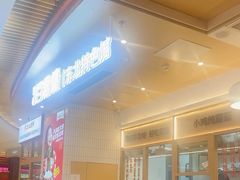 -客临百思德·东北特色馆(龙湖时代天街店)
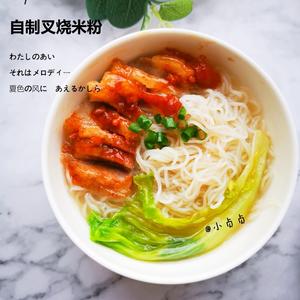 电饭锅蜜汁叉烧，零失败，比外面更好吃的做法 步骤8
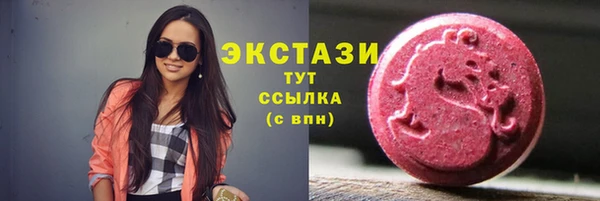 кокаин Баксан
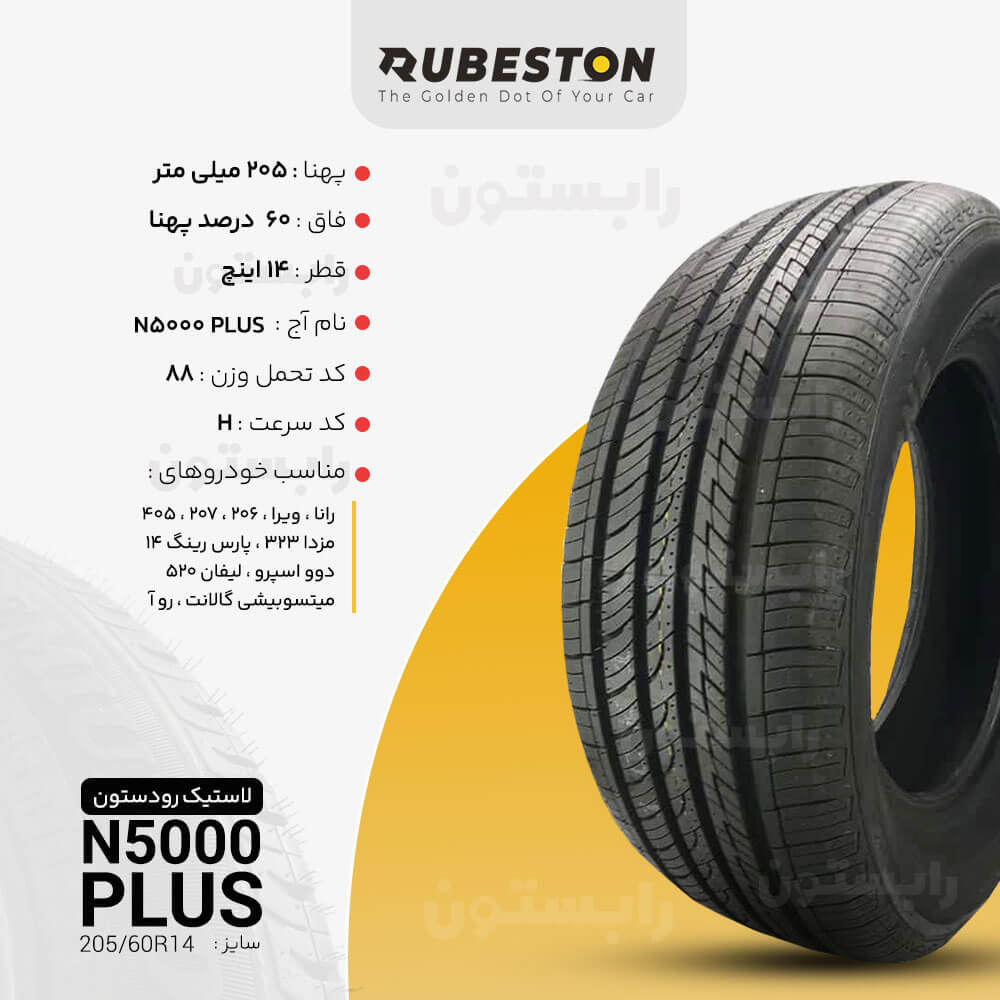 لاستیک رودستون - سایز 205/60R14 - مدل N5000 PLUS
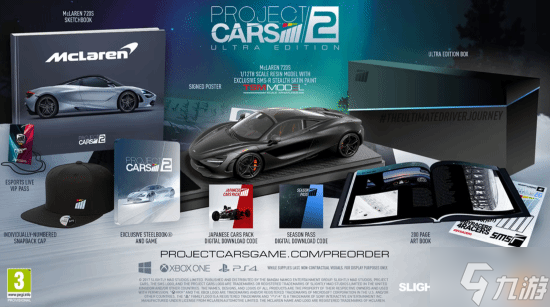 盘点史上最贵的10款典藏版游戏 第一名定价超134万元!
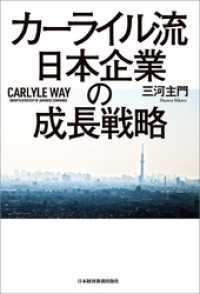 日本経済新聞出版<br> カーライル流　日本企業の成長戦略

+ + + + +

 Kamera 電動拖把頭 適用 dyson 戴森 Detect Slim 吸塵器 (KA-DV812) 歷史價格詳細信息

+ + + + +

*Exercise prompt*.
Copy only the lines above from the one containing "-客临百思德·东北特色馆(龙湖时代天街店)" through the one containing "日本経済新聞出版<br> カーライル流　日本企業の成長戦略", both included. Leave out the pictures.

*Result*.
 -客临百思德·东北特色馆(龙湖时代天街店)
 电饭锅蜜汁叉烧，零失败，比外面更好吃的做法 步骤8
 кокаин Баксан
 لاستیک رودستون - سایز 205/60R14 - مدل N5000 PLUS
 盘点史上最贵的10款典藏版游戏 第一名定价超134万元!
 日本経済新聞出版<br> カーライル流　日本企業の成長戦略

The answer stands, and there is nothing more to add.